Snapping turtles are currently nesting across the street and it’s a treat to watch their slow, prehistoric looking bodies lumber over land to find a spot to bury eggs. A few weeks ago a large doe came into our yard. It was either hurt or sick and died shortly thereafter, about fifteen feet from our house under the very mock orange bush now perfuming the yard. I spent the better part of a day trying to figure out how to get the body removed from our yard and seeing her large, still body every time I neared the kitchen windows.
She has remained on my mind ever since.
One of my bodies of work is called Deer of All Lands, based on an old book I found in a digital library archives. I recently rediscovered the piece in these photos, which I made a number of years ago and put in storage after it was exhibited several times. It’s one of my favorites, maybe because I spent countless hours on the stitching, and so I hung it in the gallery at the start of the season. There is a ring of deer, painted on the bottom layer of the piece, that I hope reveals itself slowly to the viewer, with time and looking. It reminds me that life is revolving.

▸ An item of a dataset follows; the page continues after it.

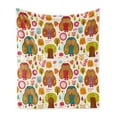 thumbnail image 1 of Fall Soft Flannel Fleece Throw Blanket, Vintage Ornate Large Eyed Nocturnal Animal Owls on the Background Print, Cozy Plush for Indoor and Outdoor Use, 50" x 60", Multicolor, by Ambesonne, 1 of 6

Dreaming is also the title of my new painting series, created this past winter. It is a term that implies a different type of awareness, a knowing that comes through intuition and bubbles up from deep inside. It is a state that feels to me both real and not of this world.
Deer of All Lands, Dreaming, detail. The pattern was stitched by hand with three different colors of thread to create a shimmery gradation.
The mock orange bush mentioned above.